В самом деле, в этой исторической туманности можно различить возникновение параллельной системы власти на основе личной отваги и успеха, которая, не противопоставляя себя явно старым ячейкам племенного общества, формируется внутри нее, а впоследствии занимает в ней преобладающее, подавляющее место. Для этого нужно только, чтобы один из воинов встал и предложил отправиться в поход за его собственный счет вместе с товарищами, которые разделят риск и выгоду от предприятия. Это система, которую Цезарь описал так: «Один вождь, один поход, один отряд». Возможно, ее следует рассматривать как спусковой клапан для индивидуальной энергии, хотя риск был велик для всего племени. Никто, правда, не боялся государственного переворота, потому что понятия не имел о государстве, но удачные набеги неизбежно обогащали предводителей командос и привязывали к ним клиентуру, жившую захваченной добычей — зерном, скотом и рабами. Частная собственность вгрызалась в общество, как червь в яблоко. Возникала новая легитимность, рождавшая верноподданнические чувства. Тацит писал, что большинство собирается вокруг уже отличившихся в боях, после чего «вожди сражаются ради победы, дружинники — за своего вождя».
Так родилось западное феодальное общество, а с ним и грабительский — он же рыцарский — дух. Если так, мы поневоле должны читать Тацита иначе. Мы увидим не доблестных воинов, а бандитов: «Когда они не ведут войн, то много охотятся, а еще больше проводят время в полнейшей праздности, предаваясь сну и чревоугодию». Они заядлые игроки: «Потеряв все свое достояние и бросая в последний раз кости, назначают ставкою свою свободу и свое тело». Их сила может сравниться только с их же изнеженностью: «Жесткие голубые глаза, русые волосы, рослые тела, способные только к кратковременному усилию; вместе с тем им не хватает терпения, чтобы упорно и напряженно трудиться, и они совсем не выносят жажды и зноя».

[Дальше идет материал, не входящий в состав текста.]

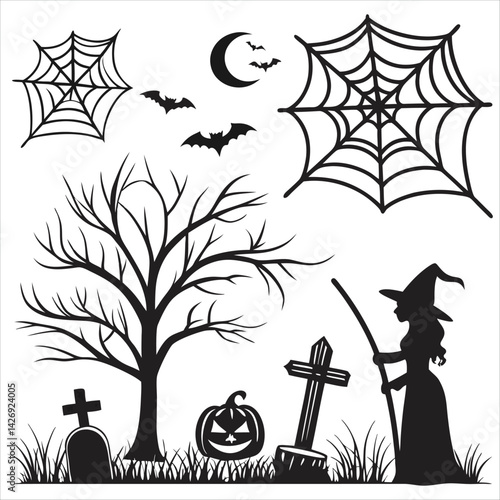 halloween icons set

Марк Аврелий, несомненно, читал и «Германию», но в основном практические советы брал из «Анналов». Там он мог найти картину третьей, гораздо более знакомой ему формы власти, служившей прообразом той, с которой ему предстояло столкнуться. Король богемских маркоманов был единственным германским вождем, который мог тягаться с римлянами. У Тацита его зовут Маробод, и он бросил вызов Августу. Впрочем, он, как и его преемник времен Марка Аврелия по имени Балломар, был «другом римского народа». Но логика власти, а также провокации римлян и собственных мелких вассалов — искателей приключений увлекли его. Открытие в Империи второго фронта отсрочило падение Маробода, принудив Тиберия заключить с ним компромиссный мир. Он кончил свои дни политическим изгнанником в Равенне.